MPs call for crackdown on ‘excessive’ bonuses after Persimmon pay row and Royal Mail boss’ ‘golden hello’
MPs have called for a crackdown on excessive bonuses in a bid to avoid repeats of “shaming” pay packets, such as the £75m given to former Persimmon boss Jeff Fairburn.
The Business, Energy and Industrial Strategy committee called for companies to introduce an “absolute cap” on remuneration to avoid unpredictable long term incentive awards.
It criticised the “underpowered and passive” Financial Reporting Council and called for its replacement to “get tough” on excessive executive pay.

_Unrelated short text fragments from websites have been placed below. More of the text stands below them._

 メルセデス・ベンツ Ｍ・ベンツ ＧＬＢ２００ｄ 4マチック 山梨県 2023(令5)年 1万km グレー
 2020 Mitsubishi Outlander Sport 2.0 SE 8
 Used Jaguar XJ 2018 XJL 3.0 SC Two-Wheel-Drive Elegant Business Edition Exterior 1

It cited a number of “shaming” recent pay decisions, including former Persimmon boss Jeff Fairburn’s £75m bonus, former Unilever chief executive Paul Polman’s £10.2m pay packet in 2017 and Royal mail chief executive Rico Back’s £5.8m “golden hello” last year.

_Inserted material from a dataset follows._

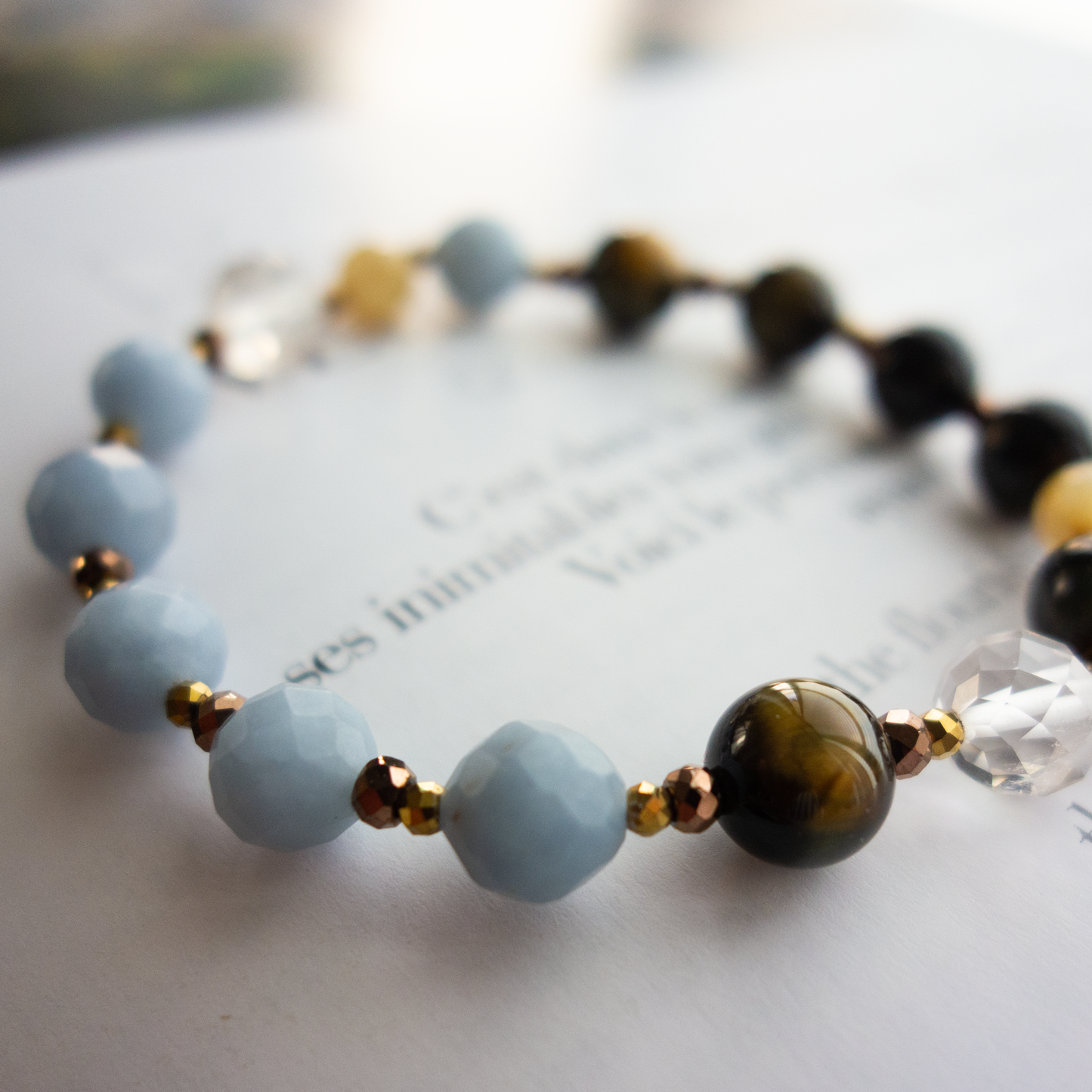 明るいトーンの黄金色と個性美 <タイガーアイ> 着実に変わるための精神力をサポート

All three were met with shareholder revolts but were still paid out by the companies.
The committee called for large listed companies to move pay structures away from “unpredictable and excessive bonuses” and set an absolute cap on total rumuneration.
It also urged for stronger links between executive and employee pay.

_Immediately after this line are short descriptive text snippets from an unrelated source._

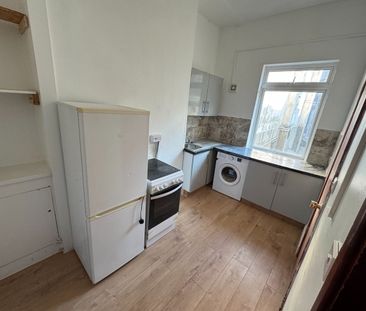 2 Bed Flat, Western Road, BN3 - Photo 3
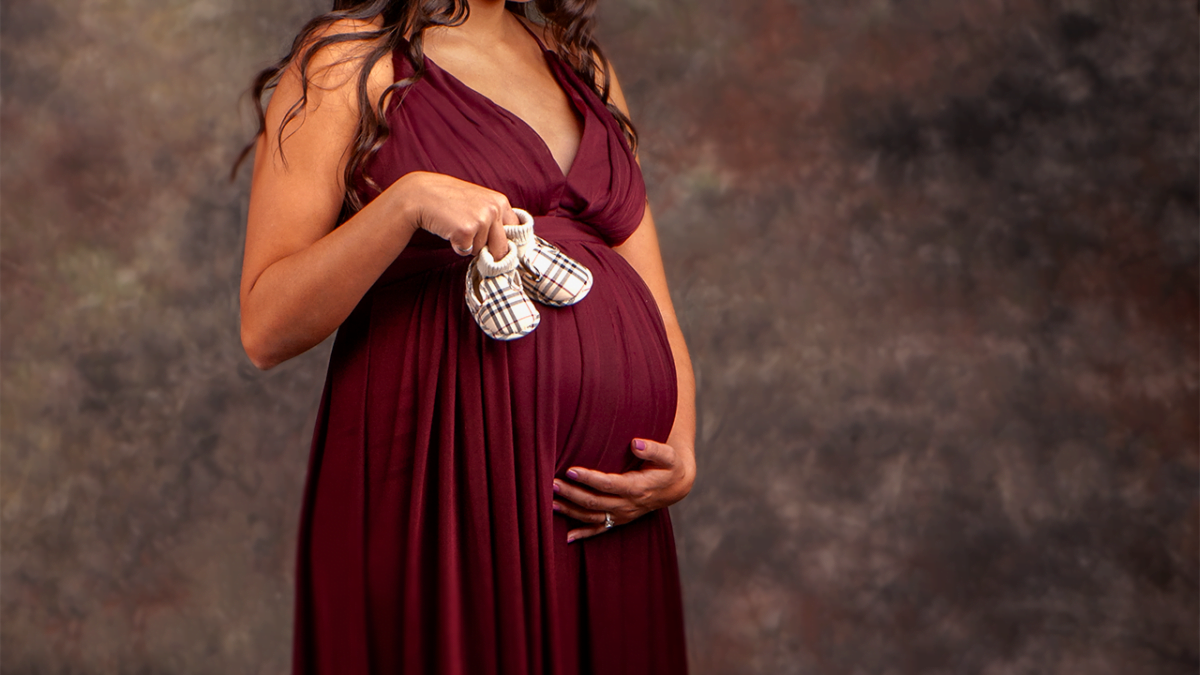 Maternity portraits by moments in time photography studio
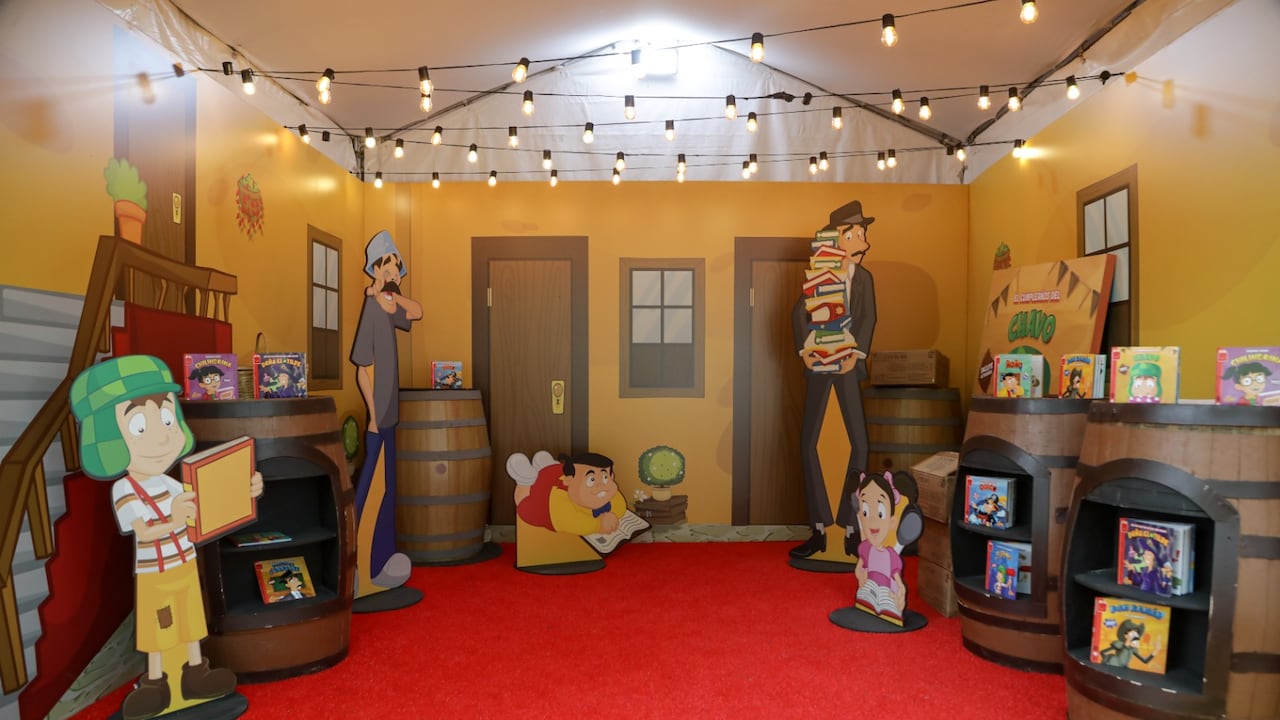 cluirá diferentes funciones de la obra de teatro El Chavo, una de ellas en el barrio Siloé para los niños y las niñas de las escuelas de la zona. La programación también contempla la donación de libros.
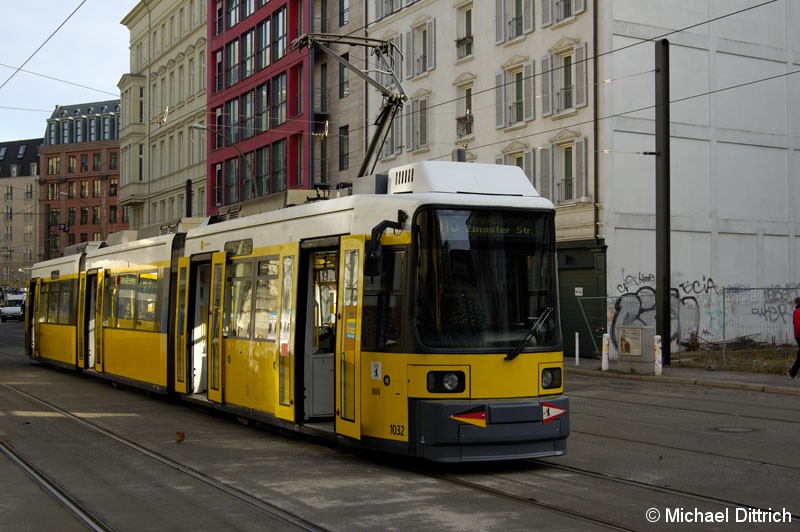 Bild: 1032 als Linie M5 in der Großen Präsidentenstraße.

Committee chair Rachel Reeves said: “Eye-watering and unjustified CEO pay packages are corrosive of trust in business and threaten to undermine the public’s support for the way our economy operates.
“When the company does well, it is workers and not just the chief executive who should share the profits.”
She also called for companies to appoint at least one employee to its remuneration committee.
The Institute of Directors welcomed the report and said recent pay policies had “eroded public trust” but said rewards must still reflect the challenging nature of the job.
Head of corporate governance Roger Baker said: “There is no doubt that the executive pay policies of some large listed companies have eroded public trust in corporate governance. “We fully agree that there is a need for a rethink on the use of so-called Long Term Incentive Plans, having long argued they can generate volatile and unpredictable rewards for company bosses.”